The New Labor Forum has a bi-weekly newsletter on current topics in labor, curated by the some of the most insightful scholars and activists in the labor world today. Check out some highlights from the latest edition below.
As progressive organizing surges within and around the Democratic Party, activists looking toward “the left wing of the possible” increasingly turn their gaze across the Atlantic to The Remarkable Rise of Jeremy Corbyn.
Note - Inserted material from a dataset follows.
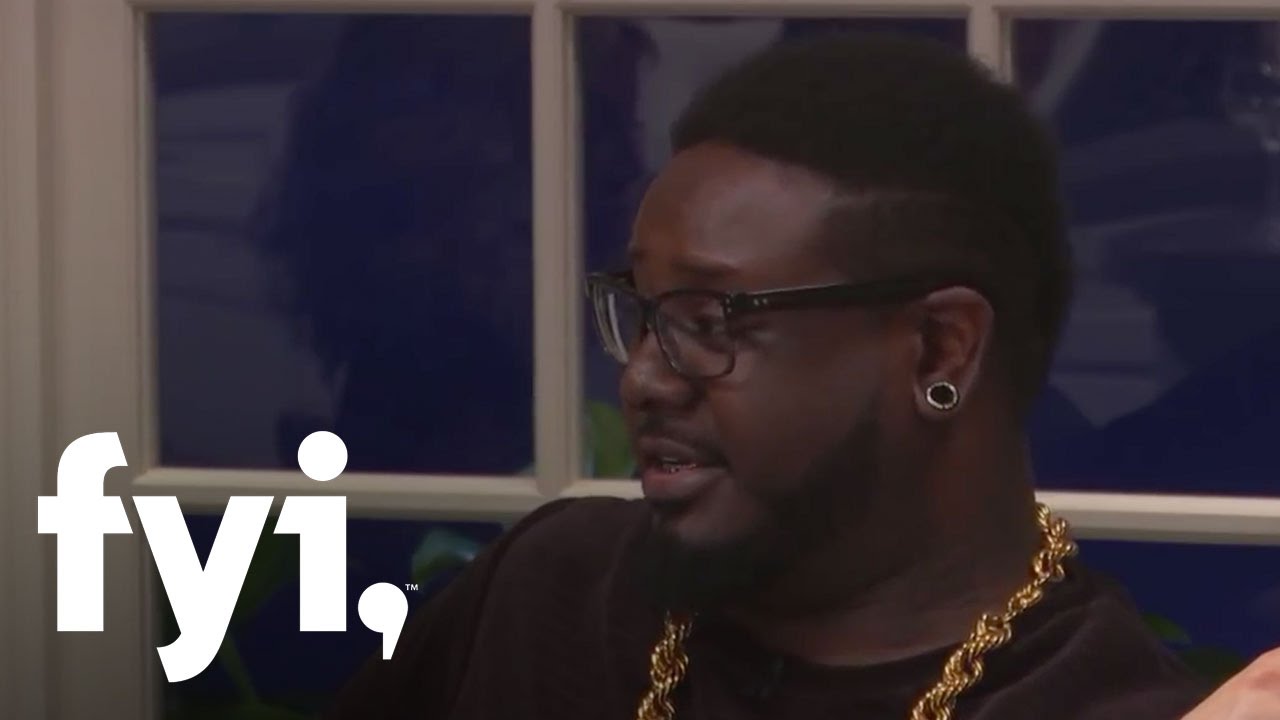 Bonus: Once A Cheater | Kocktails with Khloe | Home.Made.Nation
In the current issue of New Labor Forum, Hilary Wainwright suggests that it is Corbyn’s bold challenge to neo-liberal policies that has won him the support of the youth and a rank-and-file battered by rising student debt, skyrocketing housing costs, increasing precarity, and declining public services.
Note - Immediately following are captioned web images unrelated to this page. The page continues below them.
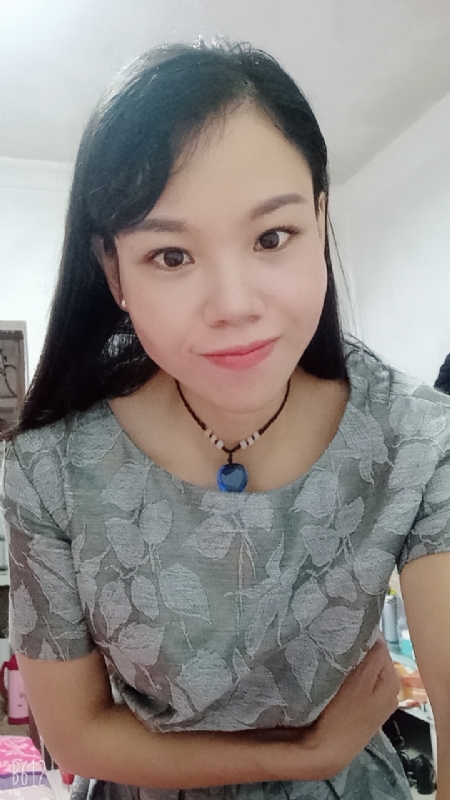 旺旺的第二张照片--闽清相亲服务中心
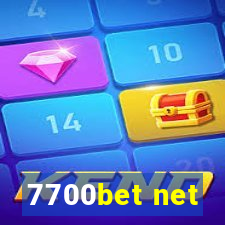 7700bet net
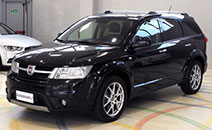 compro auto vendo auto usate brescia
Reclaiming the value and efficacy of public ownership and economic democracy is among the most audacious aspects of the new Labour Party “Manifesto.” Addressing the Labour Party annual conference in Liverpool in early September, Shadow Chancellor John McDonald announced “We are extending economic democracy even further by bringing water, energy, Royal Mail and rail into public ownership.”
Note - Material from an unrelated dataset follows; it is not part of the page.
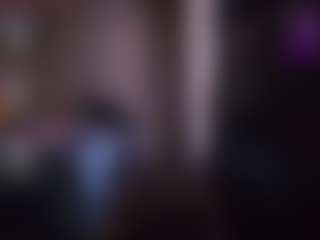 rileyloganbbw's Live Sex Cam Show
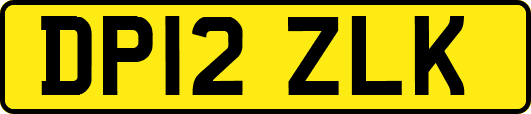 DP12ZLK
Labour’s plan for public ownership of energy also undergirds it commitment to reach zero emissions by 2050. New Labor Forum columnist and the Trade Unions for Energy Democracy global coordinator Sean Sweeney, under the CUNY School of Labor and Urban Studies, is currently working with UK unions in helping with the development of this plan, recently elaborated at the Labour Party Conference by Rebecca Long Bailey, Labour Party Shadow Secretary of State for Business, Energy and Industrial Strategy. She told the conference, “This is not the time for piecemeal measures. We do not have to settle for whatever the market can deliver, and sleep walk into catastrophe. We need a plan of action.” Long Bailey recently addressed a TUED conference in Sheffield where unions debated how the energy system should be taken back into public ownership.